▶ EXCERPTED DATA:
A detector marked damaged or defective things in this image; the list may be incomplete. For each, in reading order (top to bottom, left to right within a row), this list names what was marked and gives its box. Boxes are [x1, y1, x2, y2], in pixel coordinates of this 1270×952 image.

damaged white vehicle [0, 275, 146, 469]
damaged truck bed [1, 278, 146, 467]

--

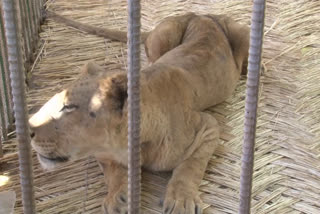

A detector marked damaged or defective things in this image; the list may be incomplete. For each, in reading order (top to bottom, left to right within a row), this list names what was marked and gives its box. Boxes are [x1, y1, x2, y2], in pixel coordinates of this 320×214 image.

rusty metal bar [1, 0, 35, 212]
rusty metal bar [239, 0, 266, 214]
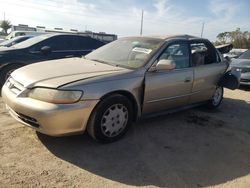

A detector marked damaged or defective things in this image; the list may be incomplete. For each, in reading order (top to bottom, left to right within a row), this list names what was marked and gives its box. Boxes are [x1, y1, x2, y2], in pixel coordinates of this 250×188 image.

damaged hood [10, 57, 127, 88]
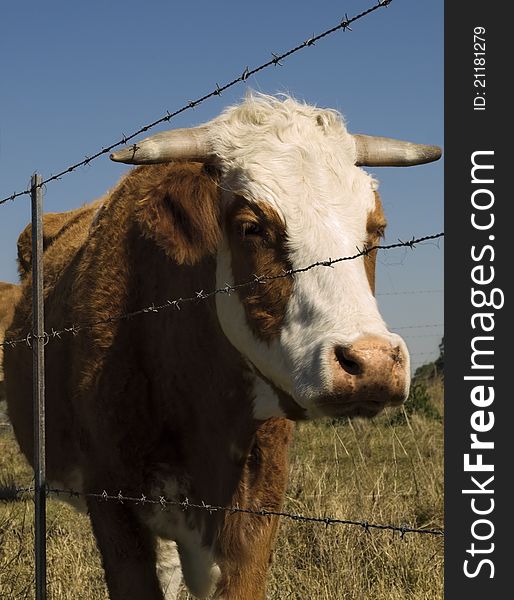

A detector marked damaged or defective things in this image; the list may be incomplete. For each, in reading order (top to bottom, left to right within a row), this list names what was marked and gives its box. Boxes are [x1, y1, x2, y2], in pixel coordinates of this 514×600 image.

--

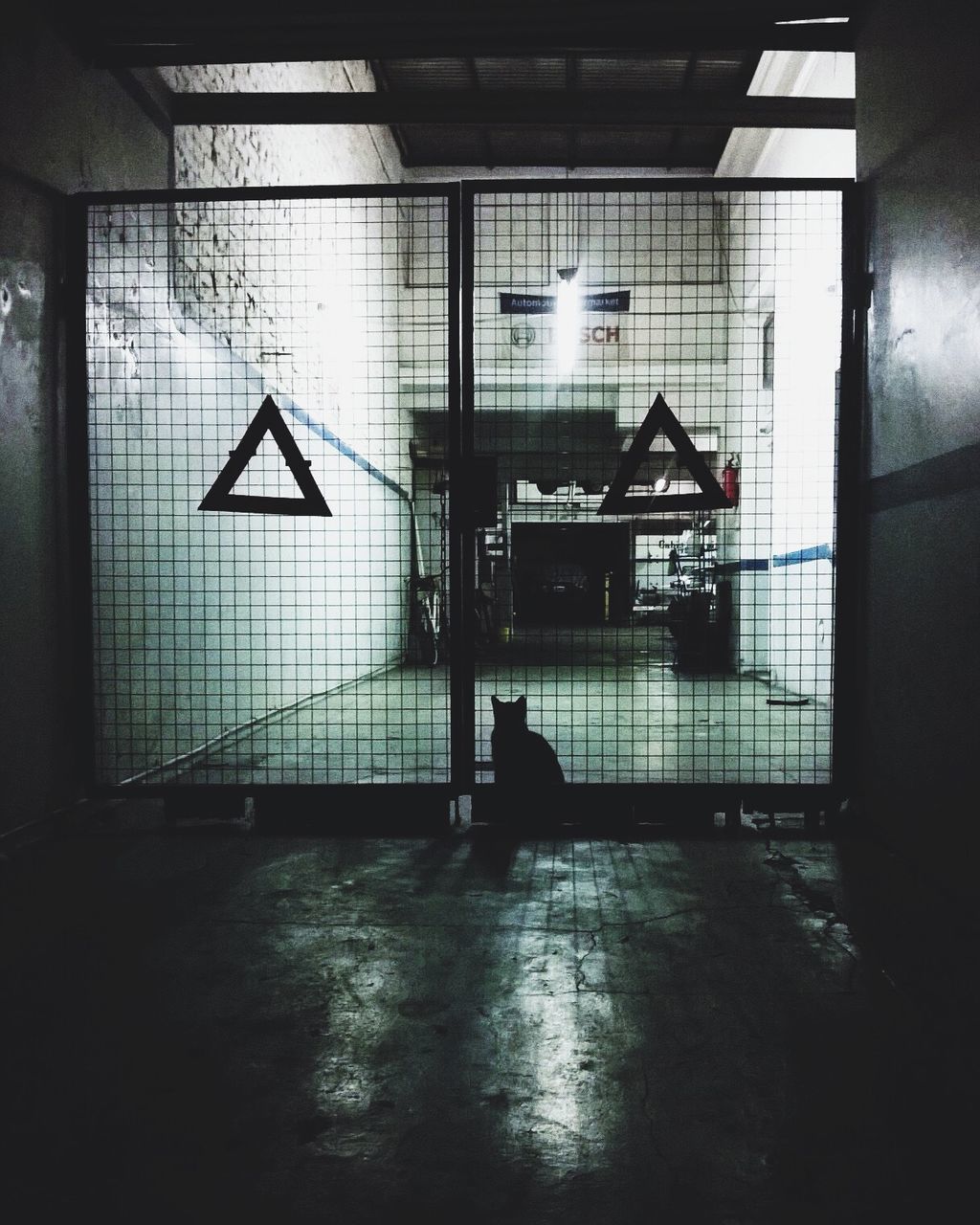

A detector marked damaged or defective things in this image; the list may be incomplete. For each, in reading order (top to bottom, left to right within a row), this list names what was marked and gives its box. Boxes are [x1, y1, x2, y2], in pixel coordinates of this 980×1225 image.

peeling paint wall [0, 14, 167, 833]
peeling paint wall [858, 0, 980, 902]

▶ PROBLEM REQUIREMENTS:
From the records above, give again only the part that opens with the line containing "this 250×188 image." and closes with the line containing "this 514×600 image.". Keep both ends but drop the pictures.

▶ ANSWER TO THIS PROBLEM:
A detector marked damaged or defective things in this image; the list may be incomplete. For each, in reading order (top to bottom, left to right within a row), this list names what was marked and gives its box. Boxes are [x1, y1, x2, y2], in pixel coordinates of this 250×188 image.

damaged hood [10, 57, 127, 88]

A detector marked damaged or defective things in this image; the list may be incomplete. For each, in reading order (top to bottom, left to right within a row), this list names what was marked and gives its box. Boxes are [x1, y1, x2, y2], in pixel coordinates of this 514×600 image.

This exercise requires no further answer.